The mice were sacrificed and their lungs there upon perfused with cold PBS. Lungs of experimental mice were resected, and one left lobe was used for flow-cytometric analysis as described previously . Tumor-bearing tissues were dissociated by means of a Tumor Dissociation Kit (Miltenyi Biotec) according to the manufacturer’s instructions. Briefly, those lungs harboring diffuse or micro-dissected lung tumor nodules were shredded fine and incubated with the enzyme mix for forty minutes at 37°C with continuous rotation using the MACSmix Tube Rotator. Samples were collected after a short spin at 300g and then filtered using a 70-μm nylon mesh. The cells were re-suspended in FACS Buffer (PBS with 0.5%BSA) and subsequently stained with antibodies. Propidium iodide and LIVE/DEAD Violet (Invitrogen) were used as cell-death exclusion reagents. (Rat anti-mouse antibodies were purchased from BioLegend.) Flow cytometry was performed using a MACSQuant Analyzer equipped with MACSQuant VYB software (Miltenyi Biotec) and a BD Fortessa equipped with FACSDiva software (BD Biosciences).
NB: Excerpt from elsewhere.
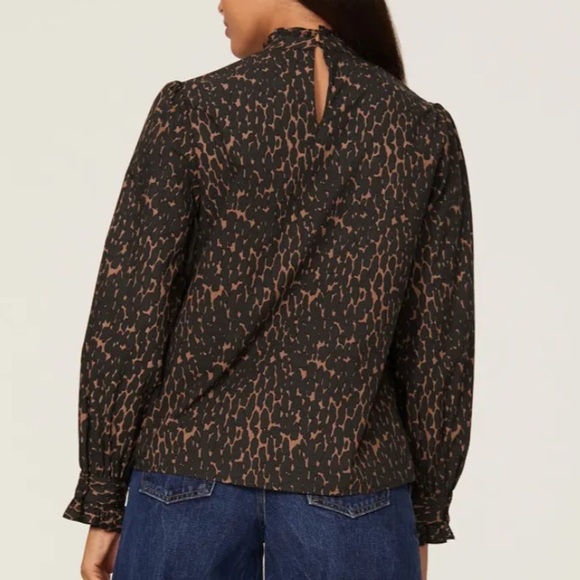 Rails Ariana Leopard Animal Print Ruffle Collar Blouse Size Large - Picture 10 of 10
Data were analyzed post hoc using FlowJo (FlowJo, LLC.). The gating strategy used for flow cytometry is shown in Supplementary Table 2.
Murine lung adenocarcinoma tissue lysates were prepared and analyzed by immunobloting as previously described . Briefly, using modified RIPA lysis buffer with protease and phosphatase inhibitors, we lysed the tissues using the tissue lyser (Qiagen) according to manufacturer’s protocol. Total proteins were measured using a modified Lowry method. The lysates were denatured via the SDS loading buffer, and SDS-polyacrylamide (4-15%) gel electrophoresis was carried out. Proteins were transferred to nitrocellulose membrane and probed with antibodies against the proteins discussed in the figures. We developed the blots by chemiluminescence using Odessey Fc Imager (Licor). The following antibodies were obtained from Cell Signaling Technology: EGFR; pEGFR(Y1068); AKT; pAKT(T308); ERK; pERK; STAT3; and pSTAT3. Pro-SPC was procured from Millipore and ACTIN from Sigma-Aldrich.
Student t tests were performed to assess the significance of before-and-after-therapy change as determined by MRI or PET imaging. For comparisons between two cohorts, statistical analyses were performed using a Student t test, and P < 0.05 was considered significant. GraphPad Prism 6 (GraphPad) was employed for statistical analysis. All numerical data are presented as mean ± SEM. Symbols indicating statistical significance are as follows (unless indicated otherwise): *, P < 0.05; **, P < 0.01; ***, P < 0.005.
This research was supported by the Intramural Research Program of the NIH, Center for Cancer Research, National Cancer Institute and Lung Cancer Research Foundation (LCRF), grant (to U. Guha). Authors thank Donna Butcher and Brad A. Gouker (Frederick National Laboratory for Cancer Research) for their assistance with histopathology. Authors also thank Mihela E Lupu (small animal imaging, Memorial Sloan-Kettering Cancer Center, NY) for the assistance with MRI.
Conflicts of Interest
The authors do not have any conflicts of interest.
This research was supported by the Intramural Research Program of the NIH / NCI / Center for Cancer Research (CCR) and a Lung Cancer Research Foundation (LCRF) grant (U. Guha).